The wood is probably flexible and not perfectly flat so the force will only be exerted over a region close to a clamp where the two bits of wood are in contact.
A: Forces add in that way, and the clamps would do the same.  You can prove this to yourself by drawing a free body diagram for the forces that would act upon the beam.  Applying Newton's laws would show that the force you lift with will have to exceed the total clamping force if you wish to move the clamped board.
Obviously, this is extremely oversimplified, and there are many situations where this doesn't really apply.  
The stiffness of the board is extremely important.  A stiff board will even out the load between the clamps better than a flexible one.  A flexible board may be able to cheat the total force rules; because it has less internal forces that resist relative movement this means that just adding the total clamping force and comparing that to the total applied force is not enough to represent the situation.  It is possible to apply the force to one location and have that undo the clamp and bend the board there, but because the board is very flexible, it doesn't transmit enough force to undo any of the other clamps.  You can't reliably treat it as a single object to apply Newton's Laws to anymore, but instead have to consider how the board interacts with itself as well as the clamps.
Basically, the proximity to each clamp is important, and it will be more important the further you are from the point of the applied load.
For the case of clamping wood, if it's a thick piece of sturdy wood, with clamps evenly spaced, you can assume that the forces approximately add.  If you require the clamps to hold a specific force for safety reasons, I would suggest doing some more detailed calculations for your material, and providing some extra allowance for errors.
A: 
And so the clamping force on any given spot on the board will never
  exceed the max. force of the clamp.

This would, quite obviously, be the case, if we assumed that the clamps are evenly distributed around a circle. 
Under these conditions, due to symmetry, any redistribution of the reaction force, which, in total, is equal to the total applied force, would not be possible, so the reaction force applied locally by each clamp would have to be $150$N and the pressure under all clamps would have to be the same.
If the clamps are not placed symmetrically, we can still state that no redistribution of the forces will occur by looking at one pair of clamps at a time and observing that, if that was not the case, the work (the two pieces of wood) would rotate, since two different reaction forces would create a net torque acting against two equal applied forces. 
A: You're both wrong.
Although I would say you are more right than the expert. When you apply a force to an object's surface, the stress (a.k.a pressure) on the object clearly can't be constant across the surface; it must have a maximum closest to the point of contact and then dissipate as distance from the point of contact increases. 
A very simple model of the clamping pressure experienced by a piece of wood might look like this:

The units here aren't important (pressure is in unites of 1 clamp). What is important is that clamping stresses add up:

Here is an animation of what happens when seven identical clamps are taken from clamping at the center of a board to being equally spaced across it's length. Total clamp pressure is just the sum of the seven separate clamps. Some observations:


*

*Only when all the clamps are at same location do you get 7 times the pressure.

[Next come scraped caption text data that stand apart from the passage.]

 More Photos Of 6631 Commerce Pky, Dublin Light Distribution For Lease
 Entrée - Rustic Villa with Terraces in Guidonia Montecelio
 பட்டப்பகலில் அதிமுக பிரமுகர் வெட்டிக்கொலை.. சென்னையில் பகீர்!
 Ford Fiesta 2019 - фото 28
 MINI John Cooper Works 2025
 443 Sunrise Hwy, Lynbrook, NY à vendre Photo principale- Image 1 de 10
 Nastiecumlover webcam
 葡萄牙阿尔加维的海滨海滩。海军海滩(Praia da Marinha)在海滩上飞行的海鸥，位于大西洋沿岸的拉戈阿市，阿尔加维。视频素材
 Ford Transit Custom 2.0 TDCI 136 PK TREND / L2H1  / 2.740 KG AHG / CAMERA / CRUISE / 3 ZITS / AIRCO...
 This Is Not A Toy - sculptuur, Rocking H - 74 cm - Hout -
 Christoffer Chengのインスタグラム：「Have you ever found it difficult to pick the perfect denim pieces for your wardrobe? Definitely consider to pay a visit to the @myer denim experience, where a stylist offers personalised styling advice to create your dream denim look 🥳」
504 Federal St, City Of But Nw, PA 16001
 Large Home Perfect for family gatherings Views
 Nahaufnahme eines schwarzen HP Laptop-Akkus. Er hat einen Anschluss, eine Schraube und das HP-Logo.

*The total pressure however is higher (above any one clamp) everywhere.

*The average pressure doesn't change, only the peak pressure. (note it does dip slightly as the end clamps reach the ends).

*The pressure is very uniform when enough clamps are used. This is probably of greater value to a woodworker than maximum clamping pressure.

A: He's right - the forces of the clamps will add up. You seem to be confusing force and pressure. The pressure from each clamp would reduce radially outwards from each clamping point, as you describe (although adding clamps will increase the average pressure acting across the entire length of the planks, thus increasing the force!).